My Impressions of Each Country
Hostels Food Attractions Transportation
Peru Cheap Cheap Moderate Moderate
Bolivia Cheap Very Cheap Cheap Cheap
Argentina Moderate Moderate Moderate Moderate
Brazil Expensive Expensve Expensive Expensive
Uruguay Cheap Moderate Moderate Cheap
Venezuela Very Cheap Very Cheap Cheap Very Cheap
Colombia Moderate Moderate Moderate Cheap
Chile Moderate Moderate Moderate Moderate
The costs in Argentina and Venezuela are using the black market’s exchange rates.
These numbers were for the second half of 2014. Since then, many South American currencies have lost a lot of value to the US Dollar. For example, when I was in Brazil 1 USD was worth around 2.20 Reals, but as of today 1 USD is equal to 3.36 Reals. I don’t know how much prices have gone up, but I bet everything is cheaper now than a year ago in relation to the dollar.
A dorm bed in a 4-bed to 6-bed dorm.
Very Cheap: less than $7, Cheap: $7-10, Moderate: $10-15, Expensive: > $15
A meal at a decent and cheap place.
Very Cheap: less than $5, Cheap: around $5, Moderate: $6-7, Expensive: more than $8
Costs of tours and entrance fees.
Local and long distance buses and trains.
South America is still cheap to travel compared to Western Europe, North America, or Oceania, but it’s not like can just bum around for $20/day. I would say that $40-50/day is possible while still having fun and doing things by limiting your time in the more expensive countries like Chile or Brazil.

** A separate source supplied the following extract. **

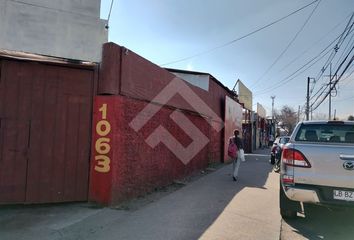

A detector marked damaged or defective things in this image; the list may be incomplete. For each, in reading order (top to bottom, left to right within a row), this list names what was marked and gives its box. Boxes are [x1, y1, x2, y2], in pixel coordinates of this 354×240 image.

While I was saving for this round the world trip, my estimate budget was for an average of $60 per day. And that’s exactly what I ended up spending after 250 days. I didn’t however think about that number often, as I didn’t make daily decisions based on it. I would rather have a shorter but more rewarding trip, if that meant a higher daily average. Having said that, it was nice that everything was going according to plan after the first leg of this long trip.